**Your assignment**
Make a word-for-word copy of the entries below from their first line through the line with "Amplia-Toma-Aé", and add nothing.

**Material provided**
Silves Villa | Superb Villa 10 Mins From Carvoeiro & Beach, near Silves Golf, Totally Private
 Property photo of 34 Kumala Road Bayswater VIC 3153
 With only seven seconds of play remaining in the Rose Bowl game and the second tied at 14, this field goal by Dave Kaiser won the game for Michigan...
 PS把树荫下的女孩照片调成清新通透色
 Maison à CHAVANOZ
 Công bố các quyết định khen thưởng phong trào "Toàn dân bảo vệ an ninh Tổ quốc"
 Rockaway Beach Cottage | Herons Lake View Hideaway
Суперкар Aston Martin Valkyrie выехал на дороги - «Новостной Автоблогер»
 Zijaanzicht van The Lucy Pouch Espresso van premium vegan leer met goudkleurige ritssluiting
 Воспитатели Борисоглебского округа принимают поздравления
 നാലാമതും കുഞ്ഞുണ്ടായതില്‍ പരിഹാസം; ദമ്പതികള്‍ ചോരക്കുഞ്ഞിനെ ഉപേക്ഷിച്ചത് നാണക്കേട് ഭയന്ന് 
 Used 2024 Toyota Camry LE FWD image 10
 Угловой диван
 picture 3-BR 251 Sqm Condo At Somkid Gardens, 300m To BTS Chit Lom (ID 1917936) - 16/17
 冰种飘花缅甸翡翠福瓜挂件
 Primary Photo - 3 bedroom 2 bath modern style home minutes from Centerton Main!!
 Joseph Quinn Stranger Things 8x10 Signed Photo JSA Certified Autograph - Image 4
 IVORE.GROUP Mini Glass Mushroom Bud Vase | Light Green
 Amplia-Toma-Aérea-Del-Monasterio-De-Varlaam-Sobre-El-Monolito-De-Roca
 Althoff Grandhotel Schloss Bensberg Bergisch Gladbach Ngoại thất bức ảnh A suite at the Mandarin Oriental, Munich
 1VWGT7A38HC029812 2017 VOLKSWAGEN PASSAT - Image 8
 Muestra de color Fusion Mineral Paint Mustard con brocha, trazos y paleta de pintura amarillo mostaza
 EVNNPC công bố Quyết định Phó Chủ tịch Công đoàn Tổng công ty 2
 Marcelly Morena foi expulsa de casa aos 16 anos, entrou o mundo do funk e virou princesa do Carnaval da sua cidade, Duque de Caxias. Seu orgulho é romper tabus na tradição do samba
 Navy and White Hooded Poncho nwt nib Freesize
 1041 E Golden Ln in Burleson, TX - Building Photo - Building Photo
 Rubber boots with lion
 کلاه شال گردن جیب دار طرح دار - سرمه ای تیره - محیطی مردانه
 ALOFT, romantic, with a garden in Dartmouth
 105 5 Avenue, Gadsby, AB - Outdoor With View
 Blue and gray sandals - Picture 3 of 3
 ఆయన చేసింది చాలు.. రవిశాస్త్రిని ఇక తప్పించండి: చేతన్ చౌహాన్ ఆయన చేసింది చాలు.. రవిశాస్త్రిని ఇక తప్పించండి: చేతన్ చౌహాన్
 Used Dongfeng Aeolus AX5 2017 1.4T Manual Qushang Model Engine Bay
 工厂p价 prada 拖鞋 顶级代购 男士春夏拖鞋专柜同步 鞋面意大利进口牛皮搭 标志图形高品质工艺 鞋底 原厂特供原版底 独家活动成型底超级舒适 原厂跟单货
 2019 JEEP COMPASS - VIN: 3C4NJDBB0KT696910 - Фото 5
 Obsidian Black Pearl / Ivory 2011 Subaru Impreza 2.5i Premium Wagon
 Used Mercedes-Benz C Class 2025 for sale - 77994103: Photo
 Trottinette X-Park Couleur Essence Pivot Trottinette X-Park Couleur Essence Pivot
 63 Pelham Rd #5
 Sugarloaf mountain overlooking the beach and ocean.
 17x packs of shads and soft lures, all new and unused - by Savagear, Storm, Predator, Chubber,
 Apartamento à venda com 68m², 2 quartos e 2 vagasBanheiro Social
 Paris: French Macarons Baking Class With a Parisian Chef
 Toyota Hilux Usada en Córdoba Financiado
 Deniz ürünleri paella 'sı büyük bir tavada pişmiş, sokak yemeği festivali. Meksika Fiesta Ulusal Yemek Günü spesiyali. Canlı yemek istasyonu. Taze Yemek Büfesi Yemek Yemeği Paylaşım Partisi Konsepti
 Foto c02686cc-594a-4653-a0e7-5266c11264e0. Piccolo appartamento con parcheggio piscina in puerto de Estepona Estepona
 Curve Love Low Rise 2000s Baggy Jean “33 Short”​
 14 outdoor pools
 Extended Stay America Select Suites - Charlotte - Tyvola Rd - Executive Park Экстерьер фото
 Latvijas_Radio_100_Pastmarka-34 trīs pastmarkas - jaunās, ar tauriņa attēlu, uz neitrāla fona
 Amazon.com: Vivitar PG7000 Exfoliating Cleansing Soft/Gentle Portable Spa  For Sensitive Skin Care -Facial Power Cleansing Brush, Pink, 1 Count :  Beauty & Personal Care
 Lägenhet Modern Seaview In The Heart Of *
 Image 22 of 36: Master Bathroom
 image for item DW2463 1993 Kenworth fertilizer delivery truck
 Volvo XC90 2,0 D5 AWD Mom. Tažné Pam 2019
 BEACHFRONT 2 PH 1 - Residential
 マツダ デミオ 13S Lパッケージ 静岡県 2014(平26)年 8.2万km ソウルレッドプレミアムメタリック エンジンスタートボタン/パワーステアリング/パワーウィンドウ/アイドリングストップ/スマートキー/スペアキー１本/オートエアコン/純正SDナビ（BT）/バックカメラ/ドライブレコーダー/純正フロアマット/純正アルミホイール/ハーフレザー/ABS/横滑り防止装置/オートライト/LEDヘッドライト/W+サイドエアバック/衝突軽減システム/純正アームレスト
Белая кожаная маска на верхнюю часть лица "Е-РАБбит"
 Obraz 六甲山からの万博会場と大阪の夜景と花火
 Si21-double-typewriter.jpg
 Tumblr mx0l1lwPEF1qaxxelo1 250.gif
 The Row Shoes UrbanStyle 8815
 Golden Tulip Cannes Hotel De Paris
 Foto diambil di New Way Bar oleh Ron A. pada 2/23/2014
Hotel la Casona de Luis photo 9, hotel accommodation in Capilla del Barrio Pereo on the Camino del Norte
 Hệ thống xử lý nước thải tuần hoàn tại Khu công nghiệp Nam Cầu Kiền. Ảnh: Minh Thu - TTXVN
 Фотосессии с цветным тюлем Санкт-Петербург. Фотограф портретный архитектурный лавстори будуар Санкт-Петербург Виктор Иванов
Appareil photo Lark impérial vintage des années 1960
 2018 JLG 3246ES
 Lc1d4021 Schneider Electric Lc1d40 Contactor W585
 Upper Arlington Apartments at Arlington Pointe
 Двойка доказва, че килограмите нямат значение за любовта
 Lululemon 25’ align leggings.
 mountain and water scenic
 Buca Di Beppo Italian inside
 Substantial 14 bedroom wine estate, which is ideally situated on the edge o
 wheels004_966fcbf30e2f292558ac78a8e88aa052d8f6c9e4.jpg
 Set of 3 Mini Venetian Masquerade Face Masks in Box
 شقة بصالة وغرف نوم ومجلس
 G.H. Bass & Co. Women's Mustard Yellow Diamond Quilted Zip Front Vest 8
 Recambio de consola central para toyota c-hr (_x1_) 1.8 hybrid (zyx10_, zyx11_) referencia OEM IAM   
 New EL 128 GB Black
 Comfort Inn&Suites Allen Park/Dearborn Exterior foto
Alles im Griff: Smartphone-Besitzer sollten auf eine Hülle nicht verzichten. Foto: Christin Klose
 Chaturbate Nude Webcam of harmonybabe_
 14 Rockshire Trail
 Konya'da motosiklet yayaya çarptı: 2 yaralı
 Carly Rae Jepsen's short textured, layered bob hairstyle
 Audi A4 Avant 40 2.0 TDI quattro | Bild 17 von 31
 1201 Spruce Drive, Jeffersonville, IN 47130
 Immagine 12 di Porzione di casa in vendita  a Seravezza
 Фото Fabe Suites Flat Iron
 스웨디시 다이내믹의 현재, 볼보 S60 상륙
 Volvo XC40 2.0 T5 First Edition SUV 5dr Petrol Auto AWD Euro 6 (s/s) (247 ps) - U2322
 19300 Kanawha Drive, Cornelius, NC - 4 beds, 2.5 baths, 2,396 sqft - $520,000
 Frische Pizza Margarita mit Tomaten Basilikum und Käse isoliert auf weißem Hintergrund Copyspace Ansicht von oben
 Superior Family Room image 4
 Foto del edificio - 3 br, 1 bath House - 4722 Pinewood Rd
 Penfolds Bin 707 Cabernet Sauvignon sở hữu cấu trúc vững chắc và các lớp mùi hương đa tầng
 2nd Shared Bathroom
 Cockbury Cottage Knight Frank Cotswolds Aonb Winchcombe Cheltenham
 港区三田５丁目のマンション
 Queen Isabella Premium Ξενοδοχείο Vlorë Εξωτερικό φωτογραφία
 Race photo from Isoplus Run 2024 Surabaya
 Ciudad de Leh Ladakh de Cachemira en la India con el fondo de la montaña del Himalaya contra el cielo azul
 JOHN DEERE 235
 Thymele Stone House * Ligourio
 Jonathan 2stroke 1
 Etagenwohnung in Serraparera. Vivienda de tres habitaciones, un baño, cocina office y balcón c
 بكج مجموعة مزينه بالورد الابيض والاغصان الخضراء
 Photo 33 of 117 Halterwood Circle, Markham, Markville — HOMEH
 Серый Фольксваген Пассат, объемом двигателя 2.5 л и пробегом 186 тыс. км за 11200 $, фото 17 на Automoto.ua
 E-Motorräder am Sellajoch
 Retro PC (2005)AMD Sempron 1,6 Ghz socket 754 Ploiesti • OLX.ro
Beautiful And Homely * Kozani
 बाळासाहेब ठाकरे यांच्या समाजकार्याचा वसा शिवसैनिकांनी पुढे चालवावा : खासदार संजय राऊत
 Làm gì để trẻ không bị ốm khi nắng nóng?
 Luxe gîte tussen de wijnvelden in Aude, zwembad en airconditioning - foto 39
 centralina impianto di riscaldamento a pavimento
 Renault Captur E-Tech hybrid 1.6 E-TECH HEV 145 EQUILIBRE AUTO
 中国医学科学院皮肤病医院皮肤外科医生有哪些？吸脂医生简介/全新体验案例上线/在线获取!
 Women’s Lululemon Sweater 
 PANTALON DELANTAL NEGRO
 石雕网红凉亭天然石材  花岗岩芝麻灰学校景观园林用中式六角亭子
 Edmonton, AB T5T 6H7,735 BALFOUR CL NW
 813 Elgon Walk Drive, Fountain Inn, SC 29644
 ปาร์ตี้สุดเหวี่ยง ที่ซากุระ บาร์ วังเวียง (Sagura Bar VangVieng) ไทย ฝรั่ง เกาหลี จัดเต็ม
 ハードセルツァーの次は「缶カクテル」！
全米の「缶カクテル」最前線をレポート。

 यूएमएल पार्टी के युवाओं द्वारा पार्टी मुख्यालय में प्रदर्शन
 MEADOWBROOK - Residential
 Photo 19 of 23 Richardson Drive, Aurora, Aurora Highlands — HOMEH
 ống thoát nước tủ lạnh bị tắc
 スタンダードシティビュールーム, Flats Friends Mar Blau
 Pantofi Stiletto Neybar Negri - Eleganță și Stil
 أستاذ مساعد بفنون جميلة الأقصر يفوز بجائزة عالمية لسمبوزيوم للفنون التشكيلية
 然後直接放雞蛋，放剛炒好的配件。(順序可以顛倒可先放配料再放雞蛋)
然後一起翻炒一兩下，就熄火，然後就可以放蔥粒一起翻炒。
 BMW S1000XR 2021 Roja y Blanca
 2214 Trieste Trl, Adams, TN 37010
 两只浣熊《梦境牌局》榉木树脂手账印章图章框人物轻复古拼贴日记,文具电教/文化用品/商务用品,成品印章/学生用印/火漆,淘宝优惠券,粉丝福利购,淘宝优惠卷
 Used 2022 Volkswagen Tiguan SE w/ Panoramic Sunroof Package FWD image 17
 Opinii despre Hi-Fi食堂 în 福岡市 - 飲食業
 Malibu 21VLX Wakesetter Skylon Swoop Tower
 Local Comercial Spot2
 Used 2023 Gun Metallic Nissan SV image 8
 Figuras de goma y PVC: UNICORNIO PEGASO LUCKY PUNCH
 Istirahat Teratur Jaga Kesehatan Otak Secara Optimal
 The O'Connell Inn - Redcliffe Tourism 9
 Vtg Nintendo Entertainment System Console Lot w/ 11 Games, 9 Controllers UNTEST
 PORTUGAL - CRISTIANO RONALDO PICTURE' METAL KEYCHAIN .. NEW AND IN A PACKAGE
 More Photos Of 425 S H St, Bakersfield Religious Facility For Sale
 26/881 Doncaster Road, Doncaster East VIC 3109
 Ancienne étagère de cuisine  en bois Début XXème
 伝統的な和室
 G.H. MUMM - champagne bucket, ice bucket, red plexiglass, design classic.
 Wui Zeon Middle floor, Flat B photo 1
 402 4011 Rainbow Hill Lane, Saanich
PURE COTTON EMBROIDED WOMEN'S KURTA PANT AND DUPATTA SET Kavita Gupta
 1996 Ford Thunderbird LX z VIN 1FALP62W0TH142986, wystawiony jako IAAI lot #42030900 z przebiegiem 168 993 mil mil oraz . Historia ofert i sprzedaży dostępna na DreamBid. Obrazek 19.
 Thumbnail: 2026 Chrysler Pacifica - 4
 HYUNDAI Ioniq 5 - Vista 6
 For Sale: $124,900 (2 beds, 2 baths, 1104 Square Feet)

**Answer section**
Silves Villa | Superb Villa 10 Mins From Carvoeiro & Beach, near Silves Golf, Totally Private
 Property photo of 34 Kumala Road Bayswater VIC 3153
 With only seven seconds of play remaining in the Rose Bowl game and the second tied at 14, this field goal by Dave Kaiser won the game for Michigan...
 PS把树荫下的女孩照片调成清新通透色
 Maison à CHAVANOZ
 Công bố các quyết định khen thưởng phong trào "Toàn dân bảo vệ an ninh Tổ quốc"
 Rockaway Beach Cottage | Herons Lake View Hideaway
Суперкар Aston Martin Valkyrie выехал на дороги - «Новостной Автоблогер»
 Zijaanzicht van The Lucy Pouch Espresso van premium vegan leer met goudkleurige ritssluiting
 Воспитатели Борисоглебского округа принимают поздравления
 നാലാമതും കുഞ്ഞുണ്ടായതില്‍ പരിഹാസം; ദമ്പതികള്‍ ചോരക്കുഞ്ഞിനെ ഉപേക്ഷിച്ചത് നാണക്കേട് ഭയന്ന് 
 Used 2024 Toyota Camry LE FWD image 10
 Угловой диван
 picture 3-BR 251 Sqm Condo At Somkid Gardens, 300m To BTS Chit Lom (ID 1917936) - 16/17
 冰种飘花缅甸翡翠福瓜挂件
 Primary Photo - 3 bedroom 2 bath modern style home minutes from Centerton Main!!
 Joseph Quinn Stranger Things 8x10 Signed Photo JSA Certified Autograph - Image 4
 IVORE.GROUP Mini Glass Mushroom Bud Vase | Light Green
 Amplia-Toma-Aérea-Del-Monasterio-De-Varlaam-Sobre-El-Monolito-De-Roca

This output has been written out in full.